**RECORDS SHOWN**
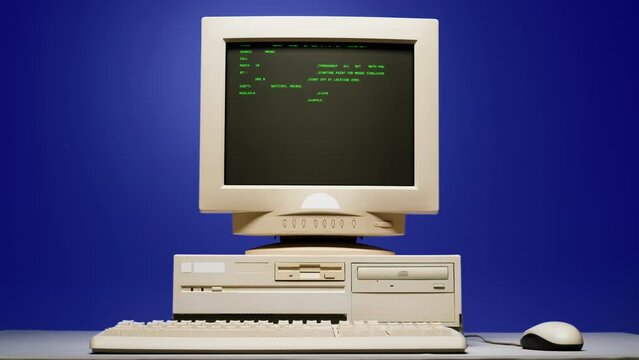 Retro pc with loading code console, programmer making scripts, green basic screen, Old computer studio blue night background close-up, Desktop vintage retro wave display, late 90s PC.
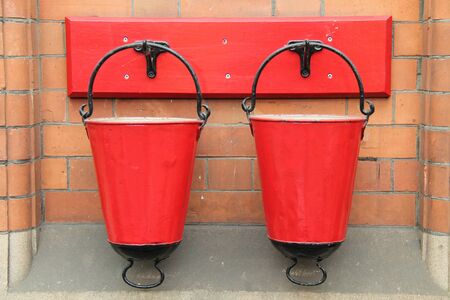 Two Red Vintage Metal Fire Sand Buckets.の写真素材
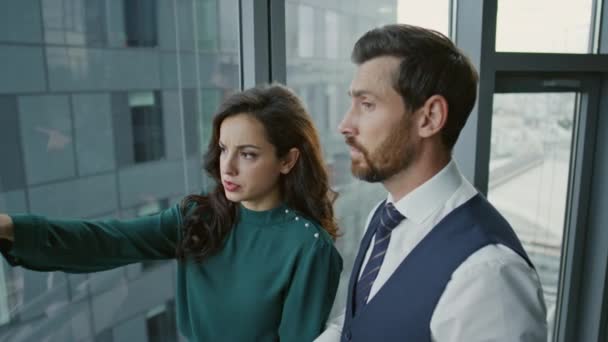 Seriösa Manliga Kvinnliga Kollegor Kommunicerar Företagets Strategi Stående Vid Kontorsfönstret — Stockvideo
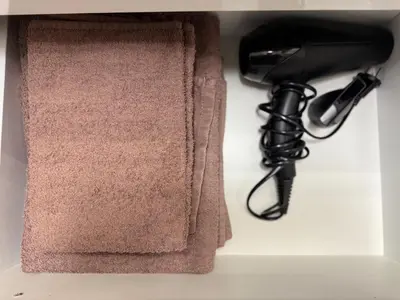 a hair dryer and a black hair dryer at Centro apartamentai in Radviliškis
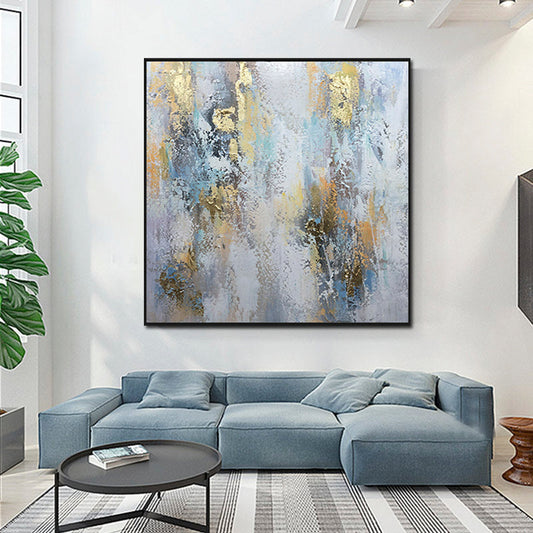 a living room with a large painting on the wall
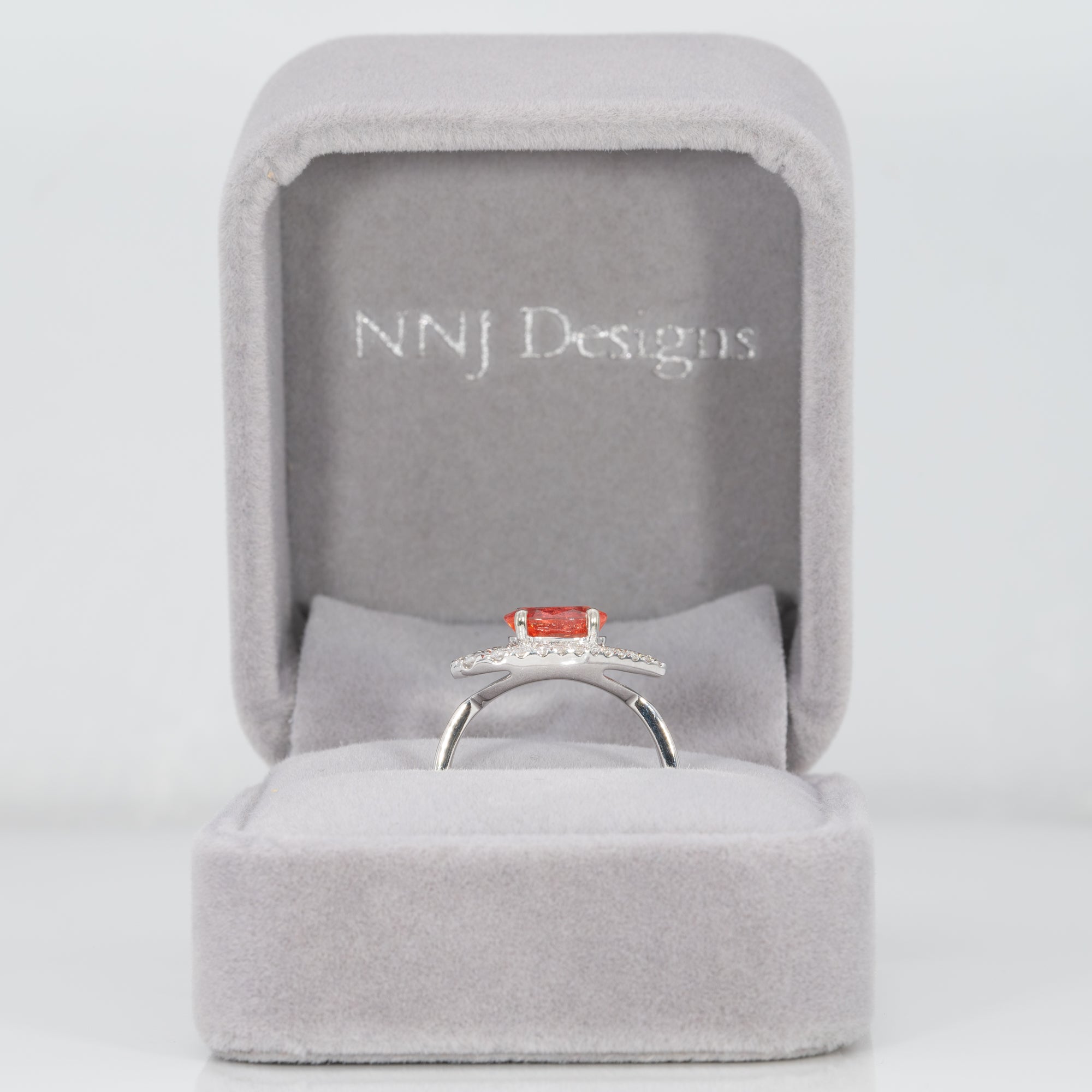 14K white gold padparadscha sapphire ring with diamond accents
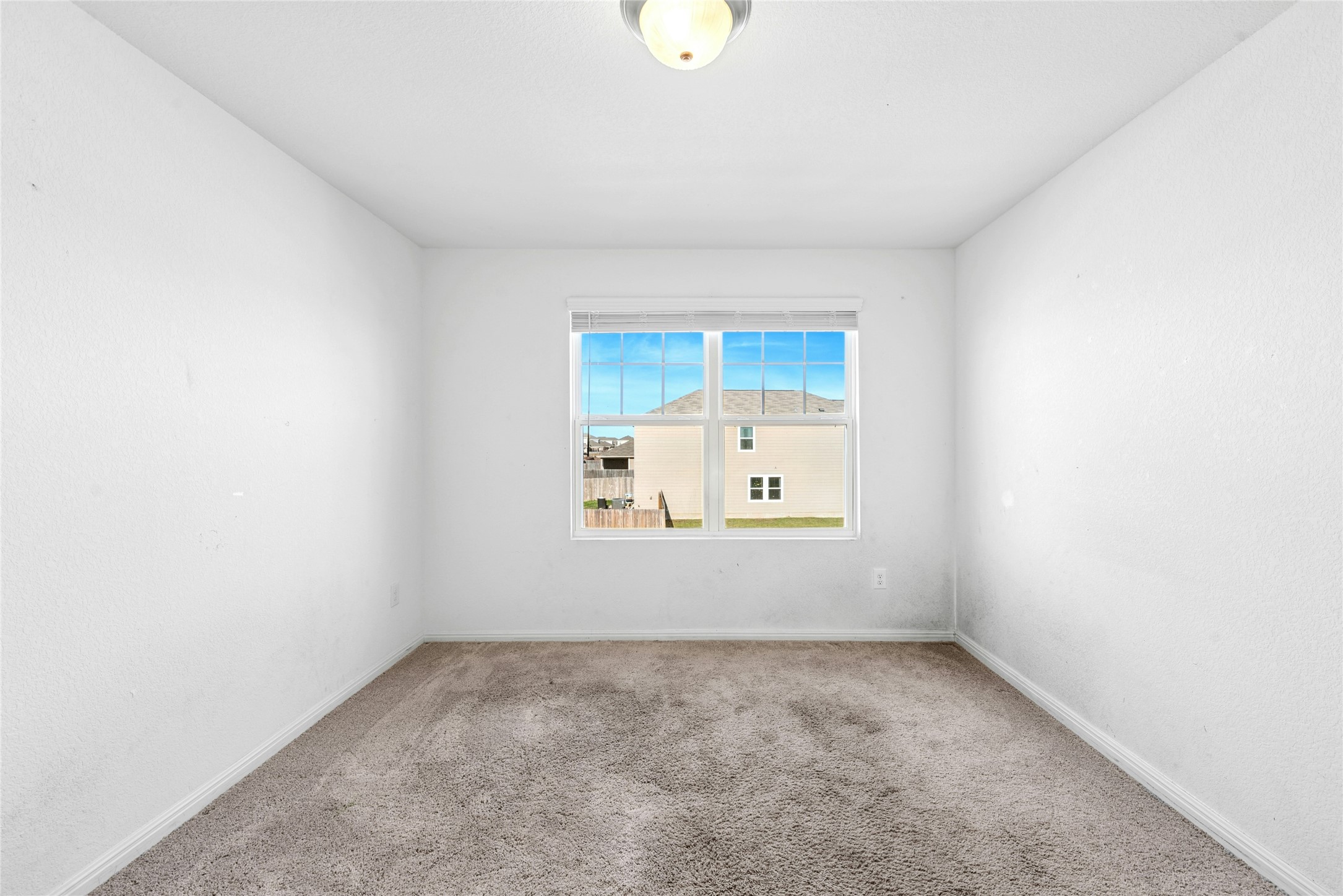 566 Delta Crest Maxwell, TX 78656 - Photo 18 of 27 Carpeted spare room featuring baseboards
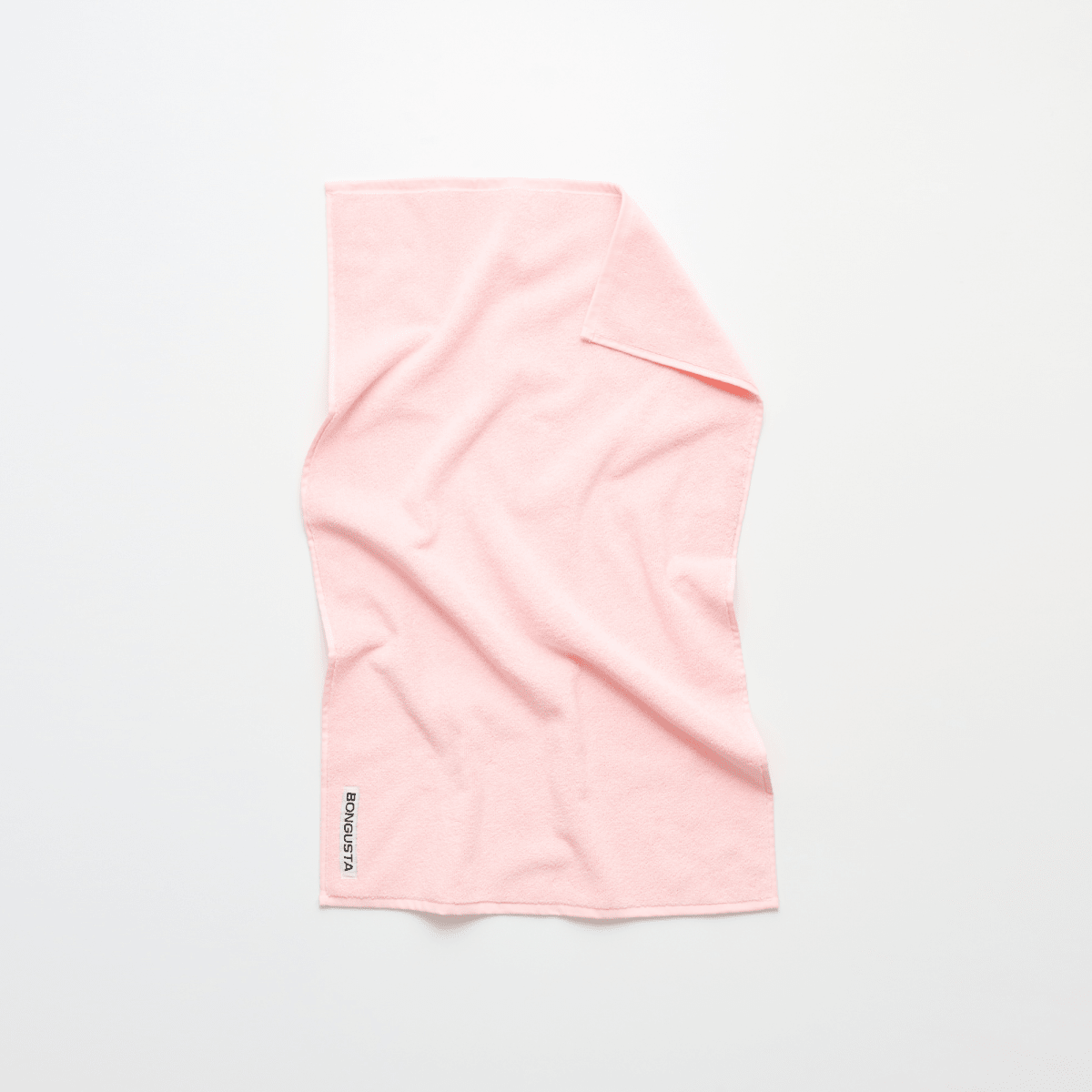 Bongusta Naram blush bathroom towel, soft and plush hand towel with a gentle pink hue, displayed on a neutral background.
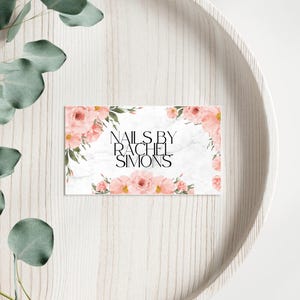 Könnte beinhalten: Eine weiße Visitenkarte mit Marmorhintergrund und rosafarbenem Blumendesign. Der Text "Nails by Rachel Simons" ist in Schwarz gedruckt.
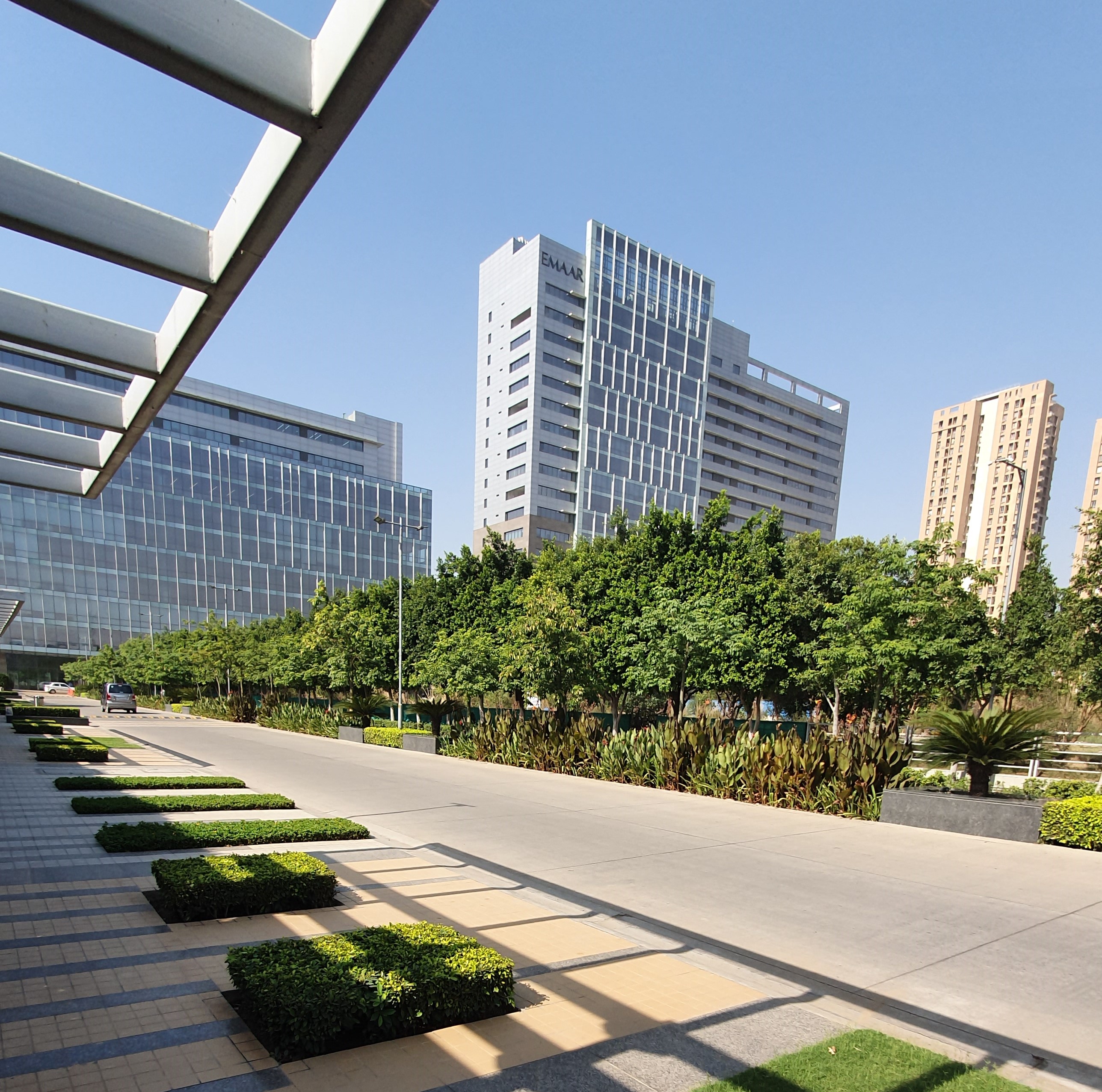 Street-level view of the Digital Greens campus with EMAAR branding visible on the tower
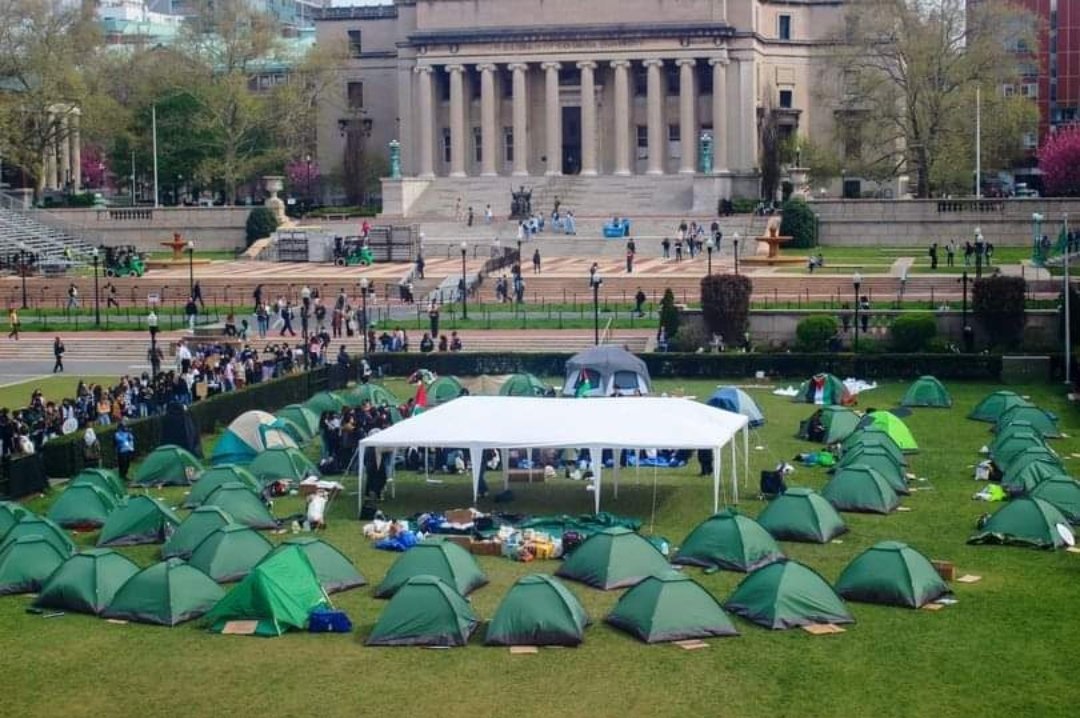 What do you notice most in the picture below? Something odd about those campus tent encampments. Almost all the tents are identical - same design, same size, same fresh-out-of the-box appearance. Which suggests that rather than an organic process, whereby students would bring a…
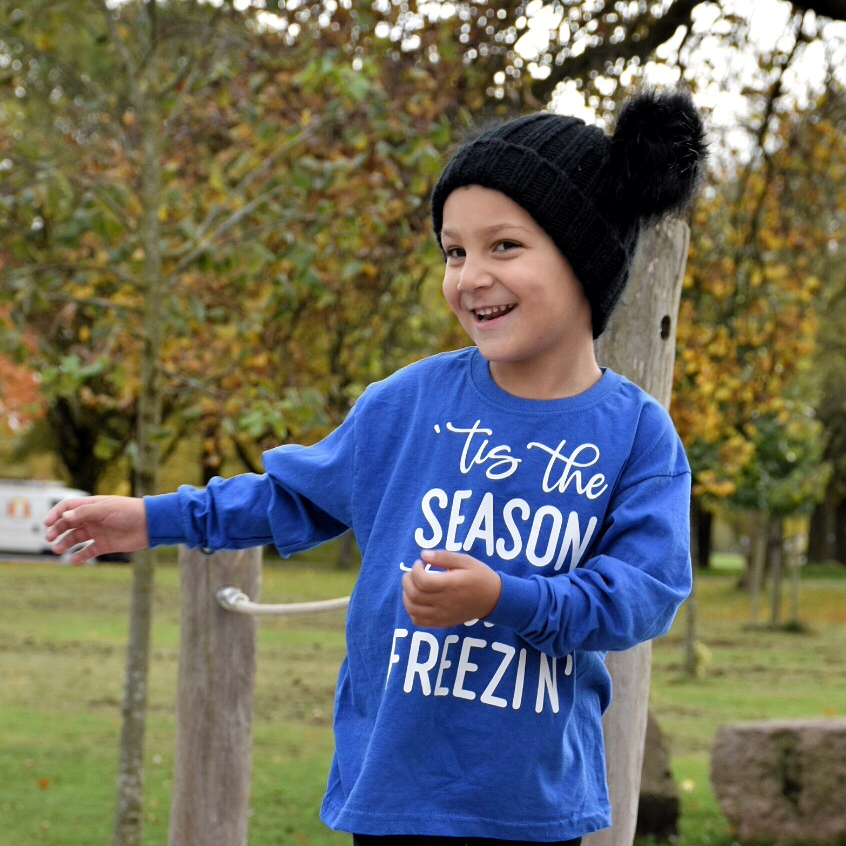Happy boy in nature wearing black hat with pompoms and blue shirt with long sleeves with ''tis the season to be freezin'' print by KMLeon.
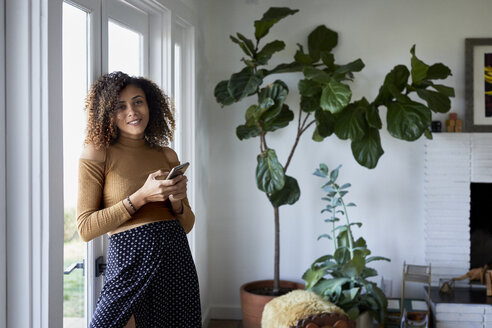 Portrait of smiling woman using mobile phone while standing by window at home - CAVF53228
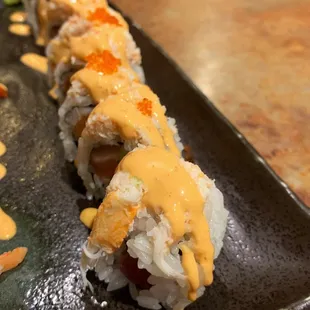 Phoenix Roll - fresh salmon, tuna, cucumber roll topped with real crab meat, spicy mayo and tobiko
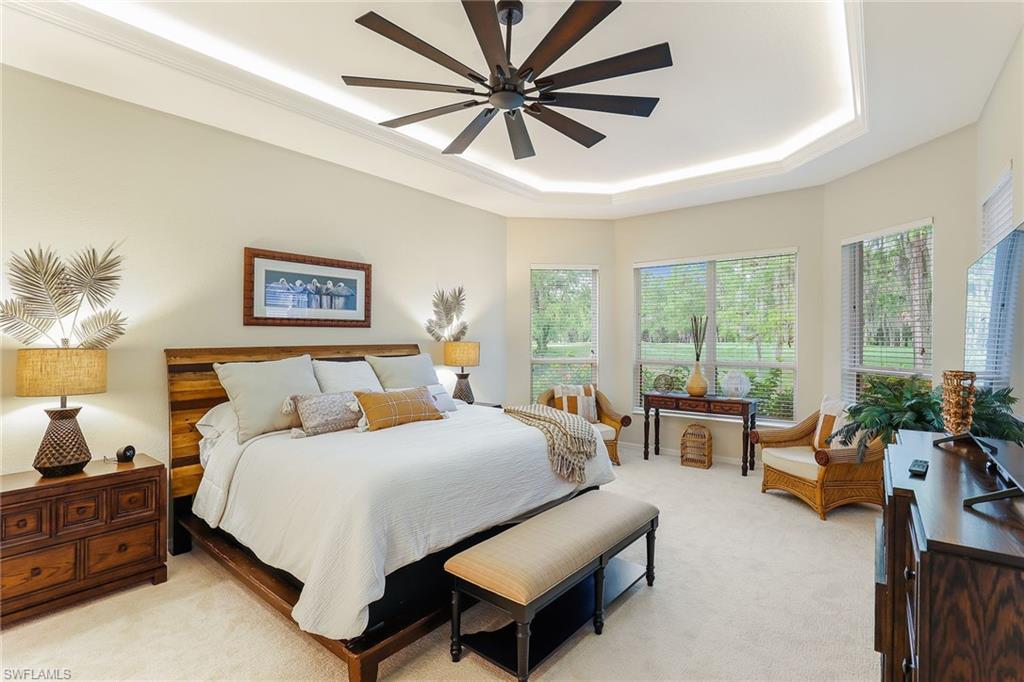 2885 Lone Pine Lane Naples, FL 34119 - Photo 13 of 29 a bedroom with a bed a couch and a large window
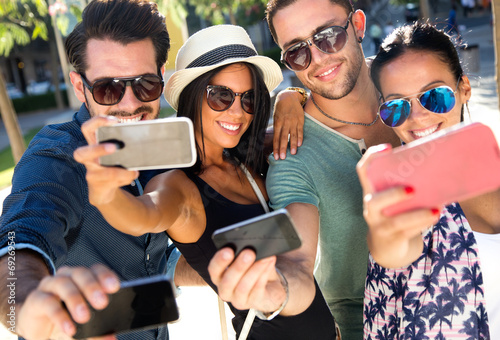Photo: Portrait of group friends taking photos with a smartphone. Portrait of group friends taking photos with a smartphone.
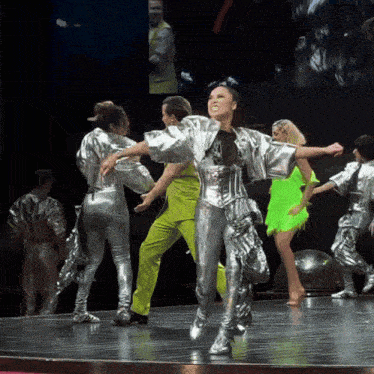 a group of people are dancing on a stage and one of them is wearing a silver outfit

**WORK ORDER**
What is needed is an exact copy of the lines above from the one with "Bongusta Naram blush" to the one with "Street-level view of", both ends kept, and nothing more; please leave the pictures out.

**EXERCISE SOLUTION**
 Bongusta Naram blush bathroom towel, soft and plush hand towel with a gentle pink hue, displayed on a neutral background.
 Könnte beinhalten: Eine weiße Visitenkarte mit Marmorhintergrund und rosafarbenem Blumendesign. Der Text "Nails by Rachel Simons" ist in Schwarz gedruckt.
 Street-level view of the Digital Greens campus with EMAAR branding visible on the tower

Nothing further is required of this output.